Becoming a Lead Data Scientist
Lewis: But I’m coming back to Data Science stuff, I wanted to grab some advice from you before we go. What advice would you give to an aspiring Data Scientist who is looking to, kind of, whether they are a junior or maybe even someone with 10 years experience, someone that wants to become a leader?
Alex: Yeah. So I think a key point the last key point I want to make is, it’s always ensuring that you’re communicating, you’re actively listening and you’re building a culture of collaboration. And so if you’re communicating about the roadblocks that you have, about your ideas, about your thoughts, you’re actively listening to your team members, to your associate’s roadblocks and thoughts, and to your stakeholder’s thoughts, their ideas, and your collaborating and building a collaboration environment all the way from the top of the CEO, all the way down to an associate data scientist or a sales representative. And you’re listening and building that culture. It will lead to success, 6, 12, 18 months from now and beyond.
Lewis: Yeah, absolutely, what you mentioned earlier about always trying to skill up, always trying to focus and develop new things, new skills, are there any particular practices that you would advise an aspiring Data Scientist to follow?

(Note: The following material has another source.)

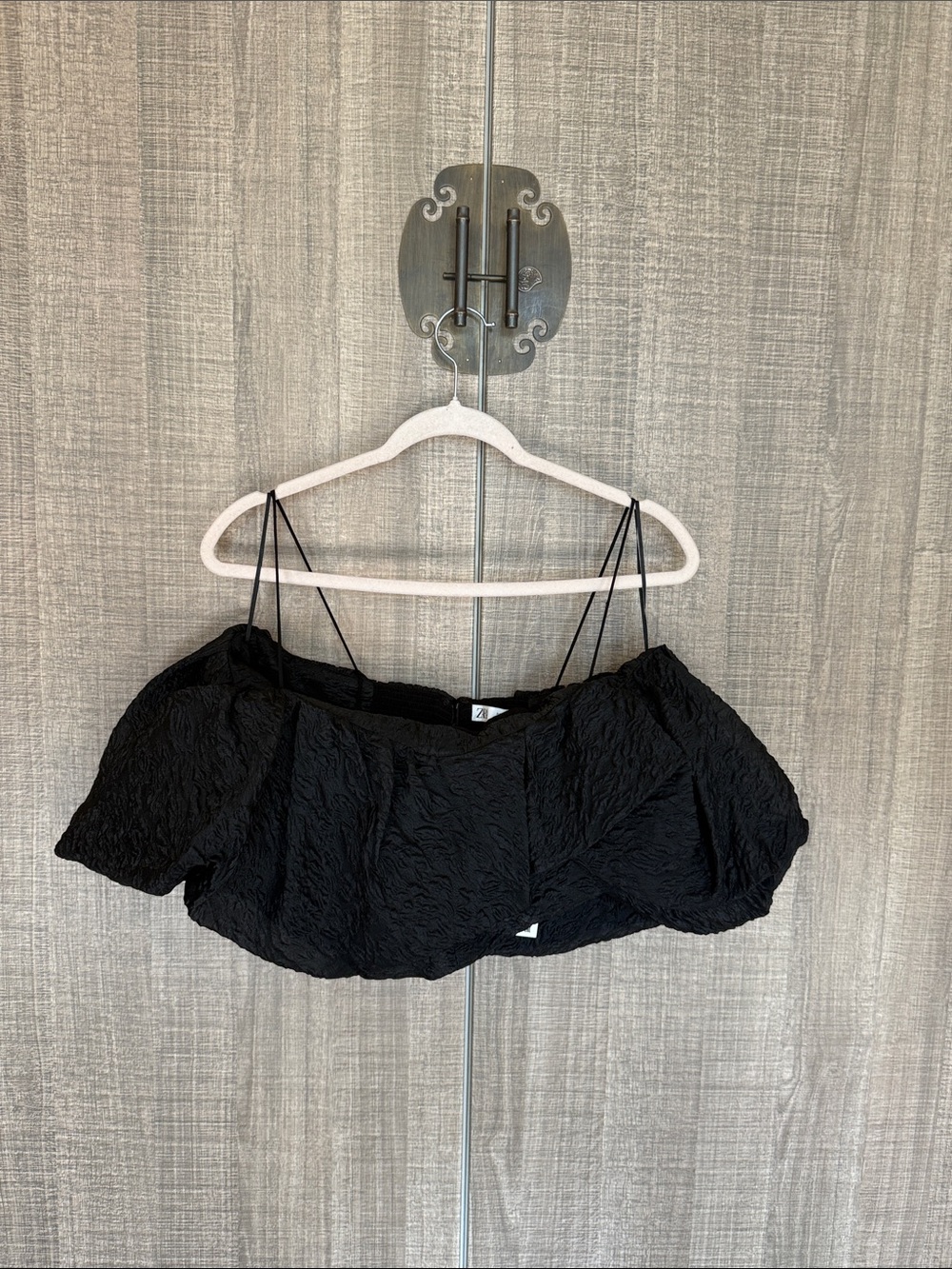 Zara Textured Spaghetti Straps Crop‎ Top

Alex: Yeah. So, I think one of the core spots where a lot of aspiring Data Scientists can improve is, is their coding skills. So a lot of boot camps, a lot of master’s programs. You might get just a few hours of coding time, and so a big opportunity there, and there are a host of resources for somebody to refine and build those coding skills. If you continue to build and develop those skills, you can then build out models and learn the techniques for modeling. You can continue to learn. And once you know how to do the things, then you can learn what they’re actually doing through mentorship and the growth opportunities of those who’ve done it before and in front of you. Of course, there’s there are a million ways to become an expert. Data Scientist. I spoke to somebody on Tuesday of this week whose background was in mathematics. And so they had a Ph.D. in mathematics and were a professor before becoming a Data Scientist. And that’s an excellent method to becoming a Data Scientist. And I think there’s a theme within the community that you can’t have enough math background. That’s not the only way to become a Data Scientist. There are many careers within data today, and not all of them are on the cutting edge of of of building and designing CNNs and various neural networks where you need to know all of the various techniques. There’s never harm to understanding that, but always focusing on those skills and building from the ground up will give you the opportunity to cultivate those as well. And there’s a lot of ways to get that.

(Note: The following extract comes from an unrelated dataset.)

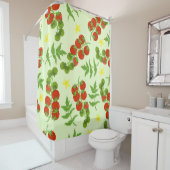 Tomatentango:  groentedruk douchegordijn (In situ)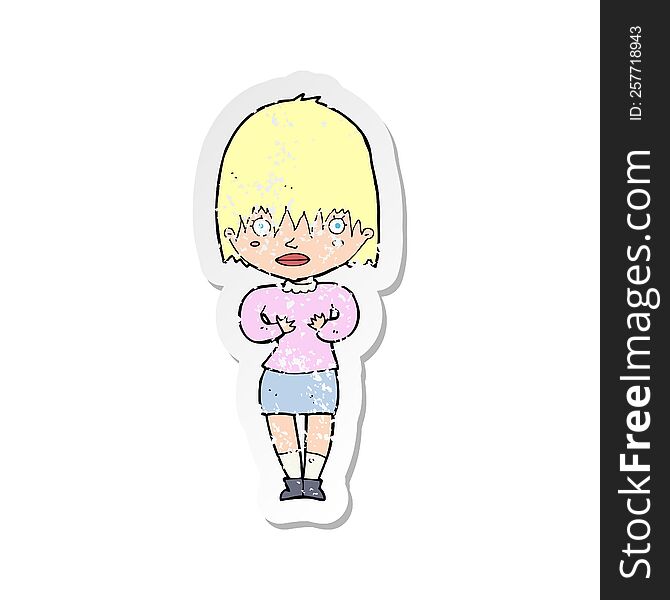 retro distressed sticker of a cartoon woman making Who Me gesture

Lewis: And then I think just adding the fact that some soft skills are very important in a market where right now there are so many available people with very good talent to make yourself stand out and you’re able to actually communicate. So collaboration is key. If you’re able to communicate, you need those skills as well. So if there’s any kind of any, I guess, any courses or anything you followed Alex, or is it just something that could come naturally to you?
Alex: Lots of trial and error is really the way that I learned that. I didn’t go and take a course on how to collaborate or anything like that. But I always wanted to make sure that, you know, to be a good leader, you want to do want to make sure that you’re hearing everybody else out first, want to make sure that everybody’s ideas are heard, and then you want to work together towards a common goal.